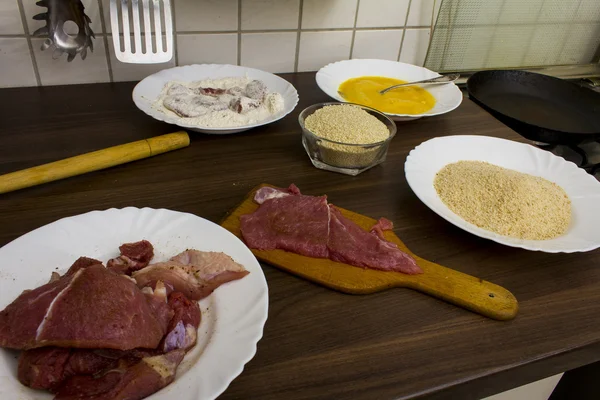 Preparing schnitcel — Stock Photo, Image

--

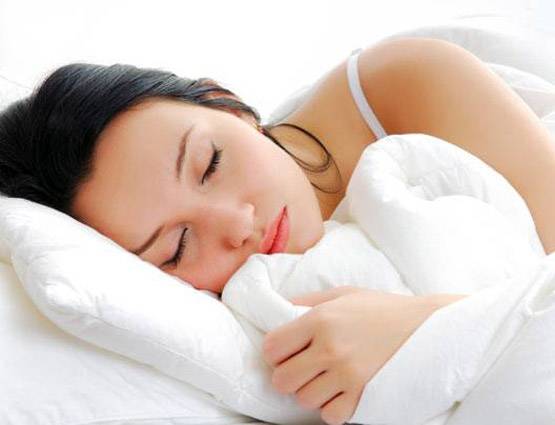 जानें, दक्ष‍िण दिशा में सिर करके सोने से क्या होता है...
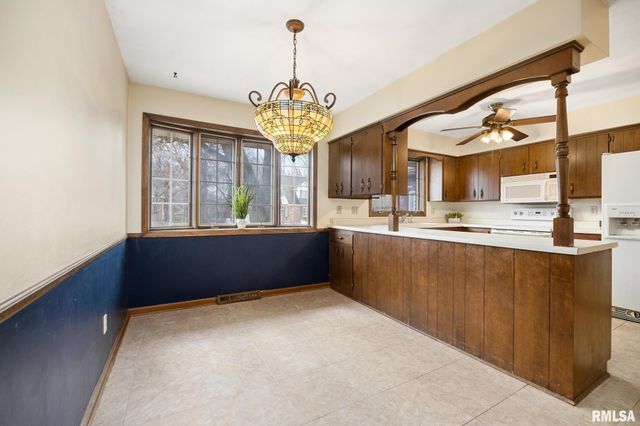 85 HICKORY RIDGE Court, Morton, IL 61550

# EXERCISE PROMPT
All lines above starting at the one with "जानें, दक्ष‍िण दिशा" and ending at the one with "85 HICKORY RIDGE Court, Morton, IL 61550", inclusive, are to be printed again exactly, with the pictures left out.

# THE ANSWER
 जानें, दक्ष‍िण दिशा में सिर करके सोने से क्या होता है...
 85 HICKORY RIDGE Court, Morton, IL 61550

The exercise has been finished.